A este desconcierto y falta de uniformidad, que se manifiesta hasta a la hora de medir el repunte o descenso en los apoyos de cada uno de las tres formaciones que parecen tener posibilidades de alzarse con el apoyo mayoritario de la ciudadanía, se suman factores que, sin duda, alteran el paisaje general que cada una de las encuestas pinta.
Quiero decir con esto que, con las encuestas, pasa como con otros muchos aspectos de la vieja política, que están perdiendo vigencia tal cual estaban planteadas, y que hay que reformarlas, repensarlas y ejecutarlas de un modo diferente.
Porque -dada la situación laboral actual- no es lo mismo llamar a un domicilio y preguntar por la intención de voto en horario laboral, que hacerlo cuando todos los miembros de una familia (parados y empleados) están en casa. Si una encuesta se realiza en horario laboral, es más probable que la persona que atienda el teléfono esté desempleada, y este factor laboral -dado el momento que vivimos- puede resultar, sociológicamente, más significativo en las diferencias entre dos grupos de control que otros factores como el sexo, los estudios o la edad.
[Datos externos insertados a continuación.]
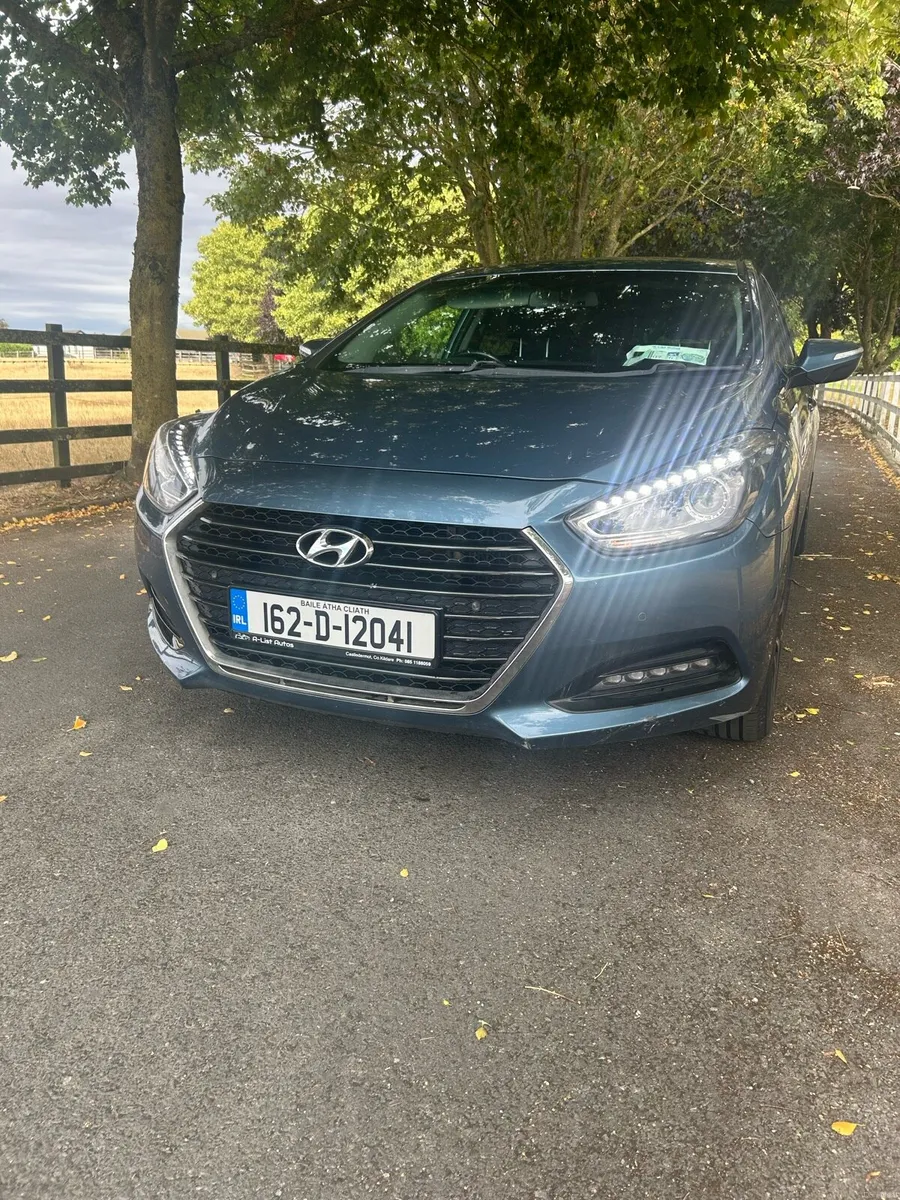 2016 Hyundai i40 Executive - Image 3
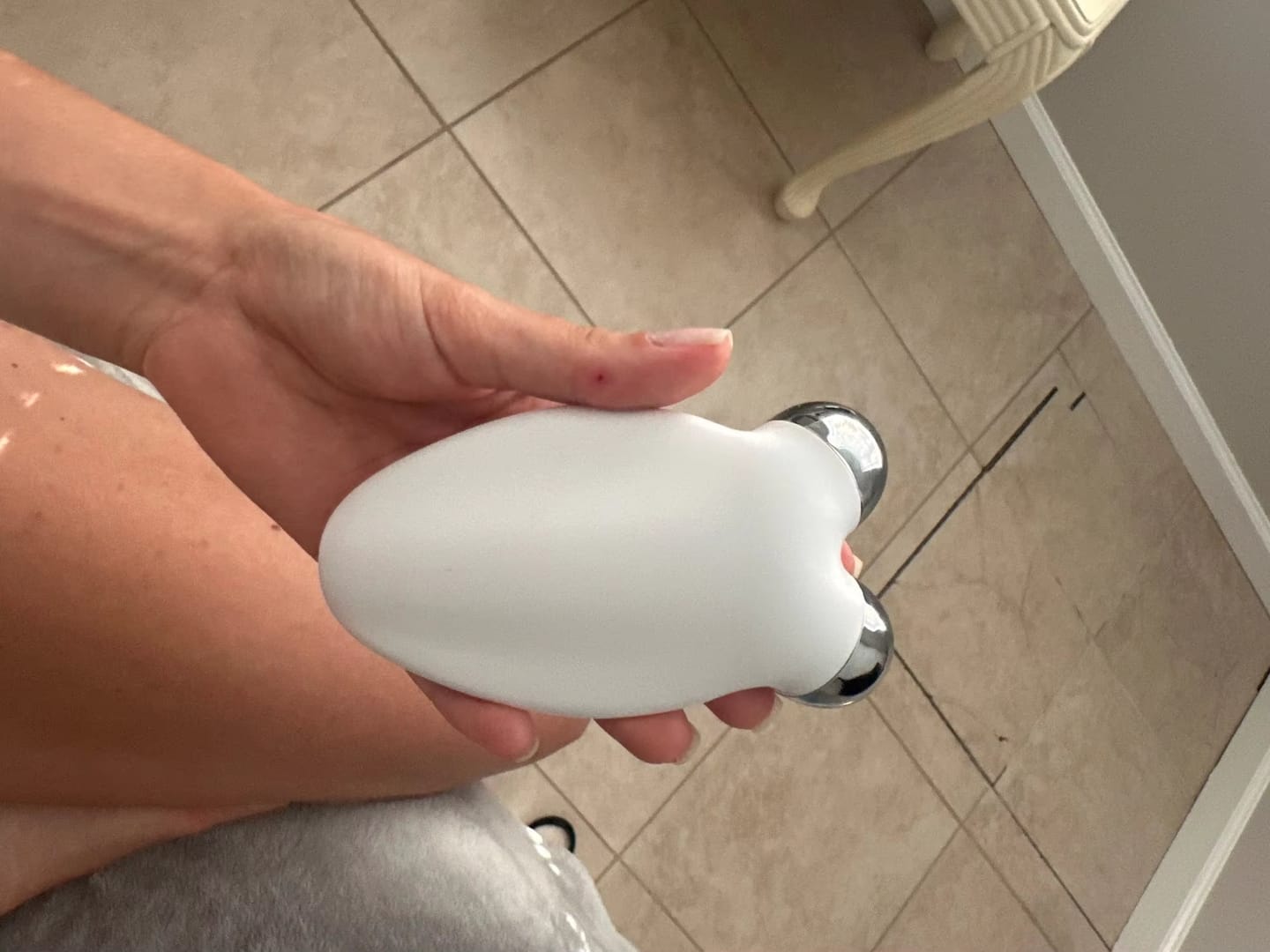 Customer photo review of GlowSculpt EMS Facial Massager - V-Form Lift med mikrostrøm og anti-age effekt
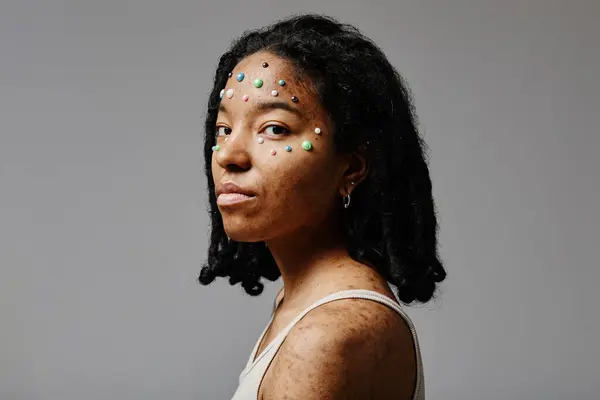 没有化妆品和珍珠珠子作为面部装饰的年轻黑人女子的最小肖像 复制空间 — 图库照片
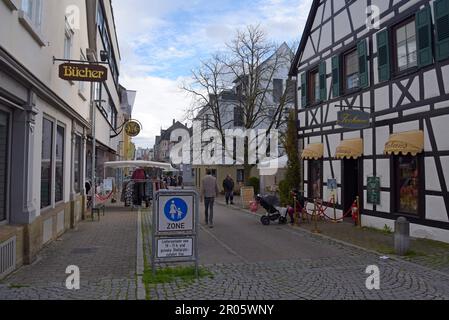 Fußgänger und Einkaufsbummel in den Fußgängerzonen der Innenstadt von Goppingen, Baden-Württemberg, Deutschland Stockfoto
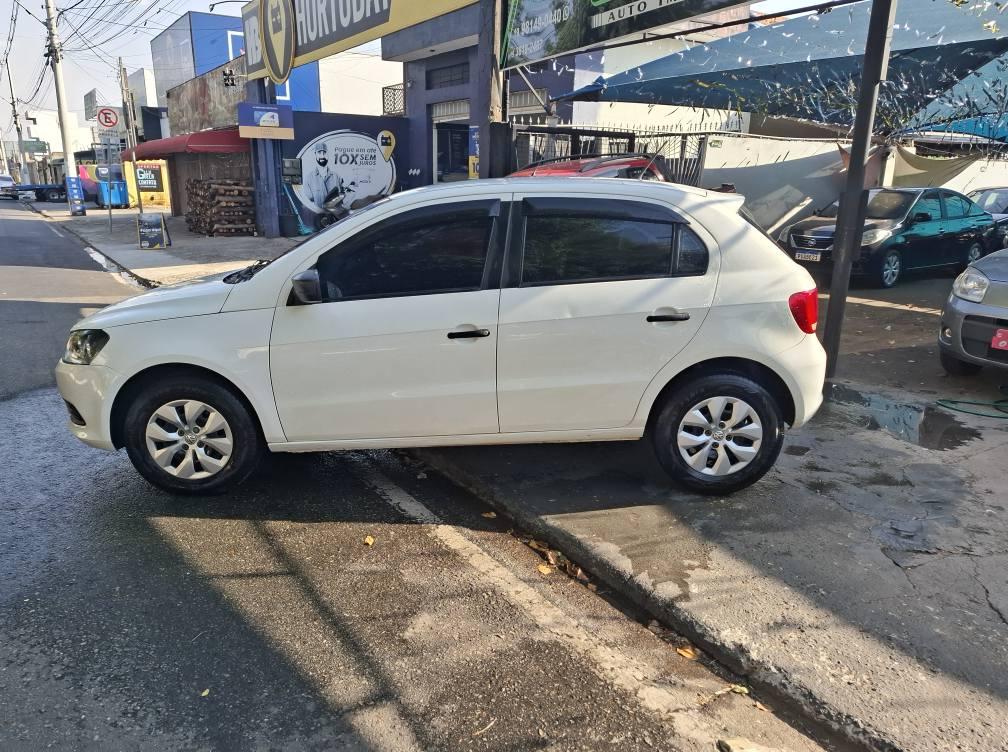 VOLKSWAGEN Gol - Foto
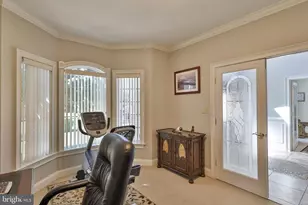 19 Springwood Dr, Allentown, PA 18104 - Photo 10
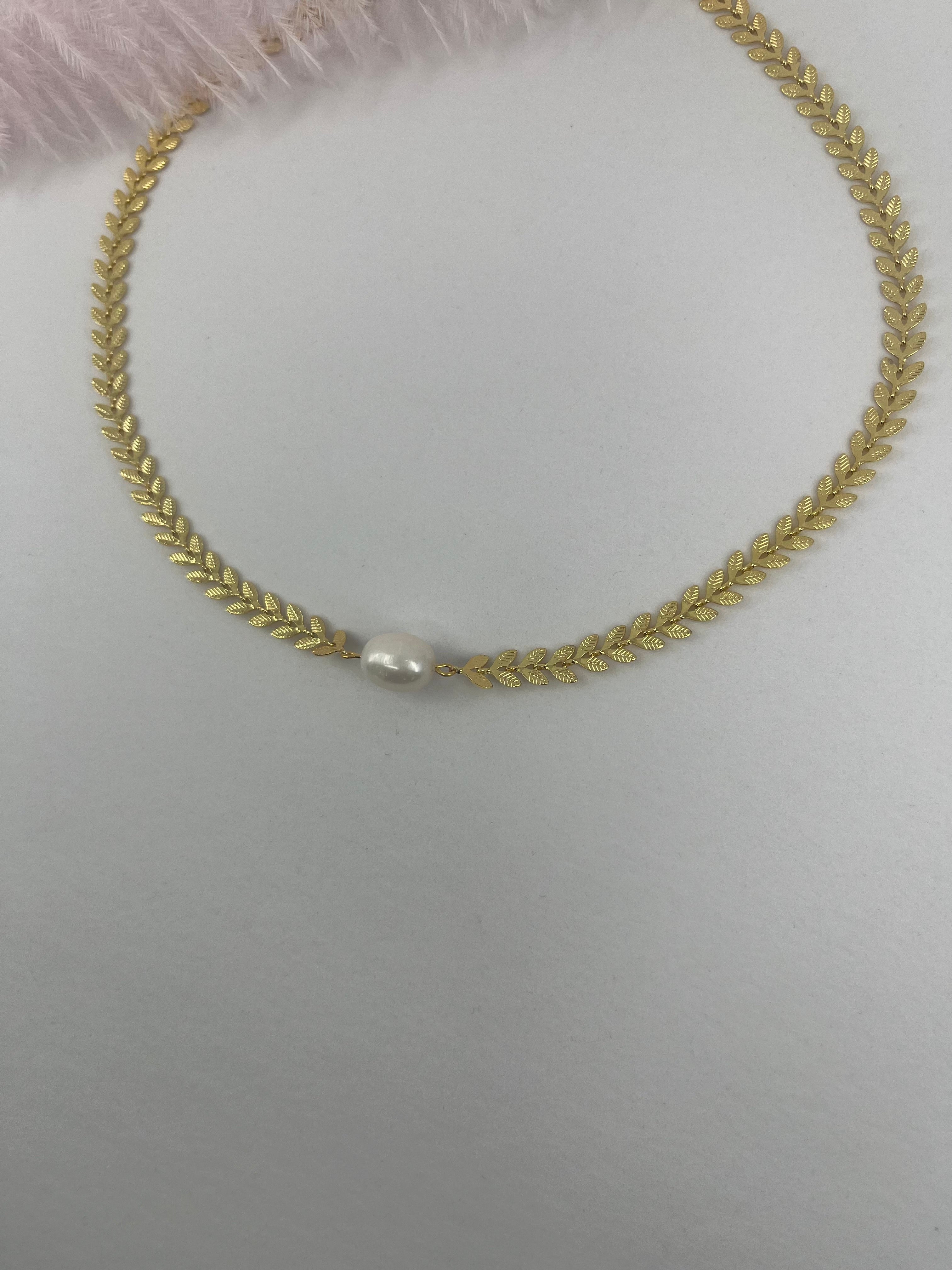 18K Gold Chain choker with natural pearl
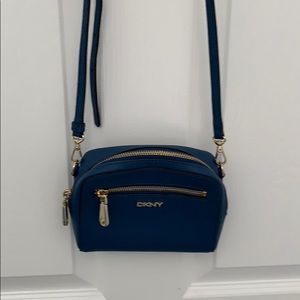 DKNY small purse barely used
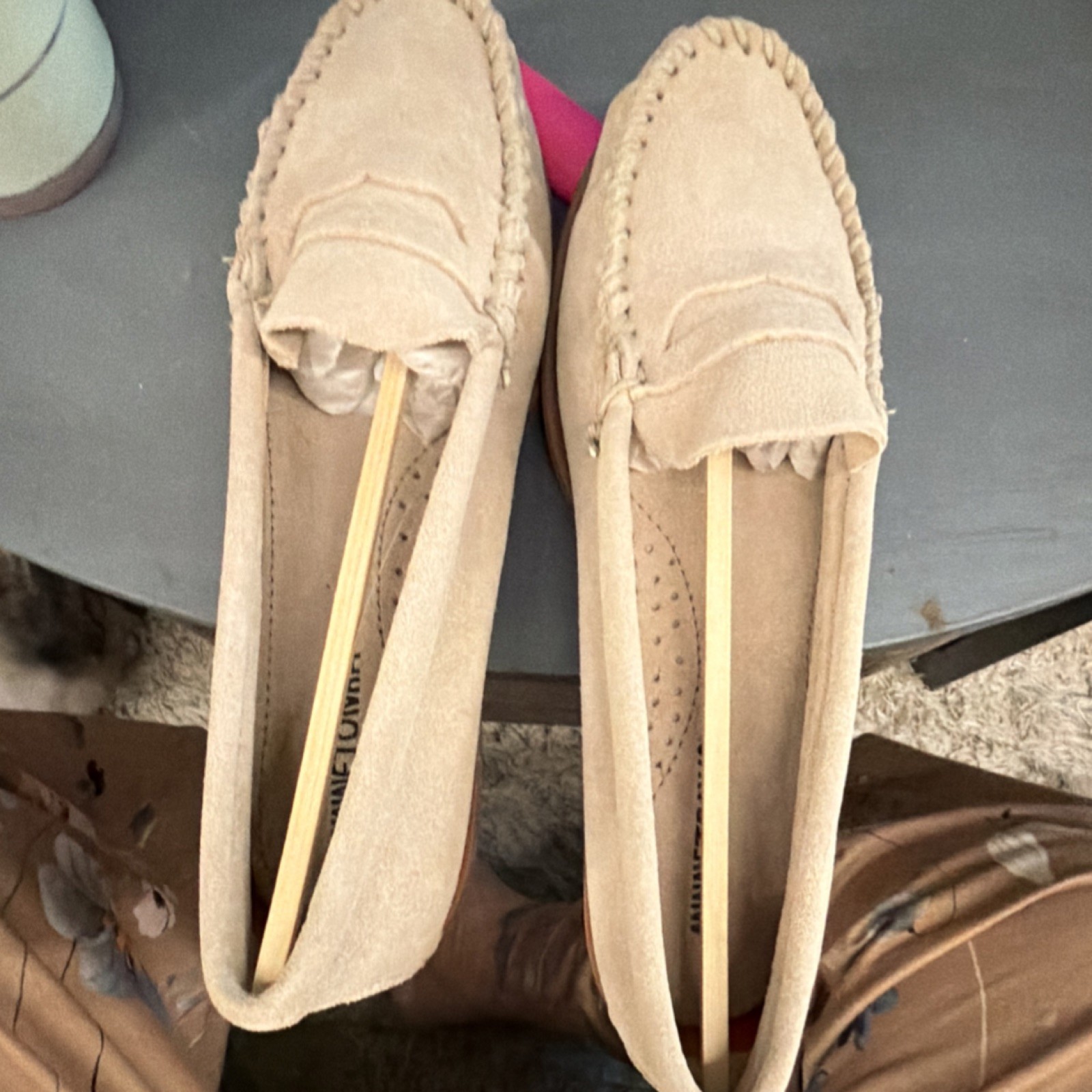 Minnetonka Beige Suede Moccasin Comfort Shoes Women's Size 8 Slip On Flat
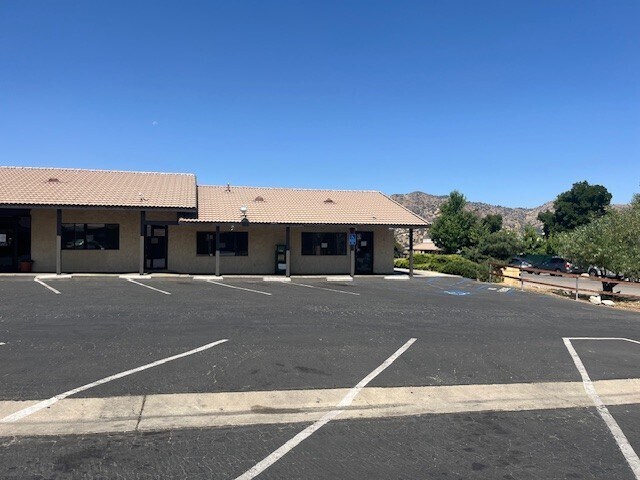 More Photos Of 20424 Brian Way, Tehachapi Freestanding For Lease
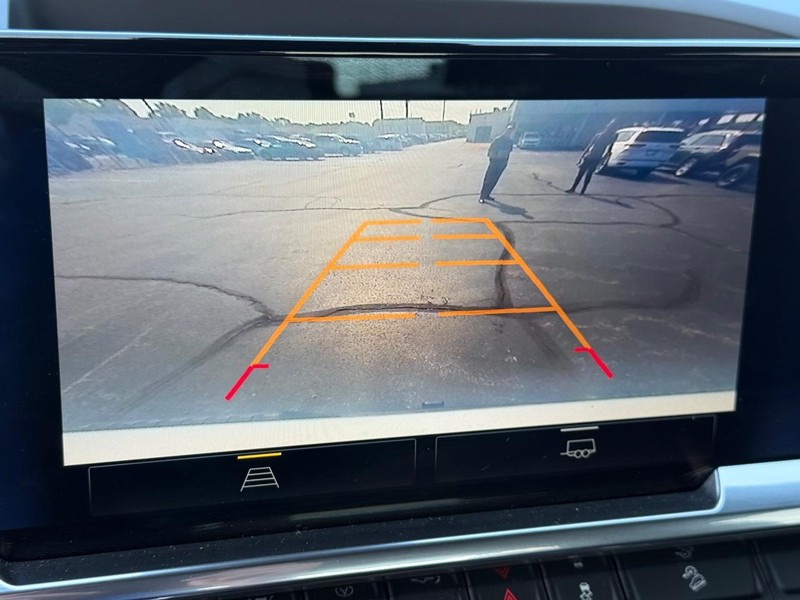 Chevrolet Silverado 1500 Vehicle Full-screen Gallery Image 24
Pero no sólo puede venir de ahí la posible desviación en la predicción de futuros resultados, porque también es tradición, en este tipo de estudios, la puesta en contacto con el encuestado a través de un teléfono fijo, con lo que se ignora la opinión de una franja de votantes que sólo reconoce el teléfono fijo como ese instrumento que viene de “regalo” con el modem que permite conectarse a internet en casa. Toda esa masa de votantes primerizos (usuarios, en exclusiva, de teléfonos móviles), queda, de este modo, si no anulada, sí ciertamente mermada en términos “opinativos”. Y, al igual que con ellos, ocurre con las familias que no pueden pagarse un teléfono fijo, por ejemplo.
Y, claro, qué quieren que les diga, que la suma de todas estas objeciones (y de otras muchas, que sería muy largo de detallar) no me permite confiar en la infalibilidad de las encuestas.
Que sí, que reconozco que a todos nos gusta jugar a hacer quinielas, a elucubrar con qué pasará, a predecir un futuro que no tardará en hacerse presente. Pero, para esto, créanme, estoy seguro de que no hace falta que los diarios gasten dinero en comprar encuestas, porque leyendo los posos del café, o acudiendo a Carlos Jesús “el Micael” o al televisivo Sandro Rey, conseguiríamos, probablemente, datos con una fiabilidad más o menos parecida a la de esos resultados publicados que, unos y otros, aprovechan para tirarse los trastos a la cabeza.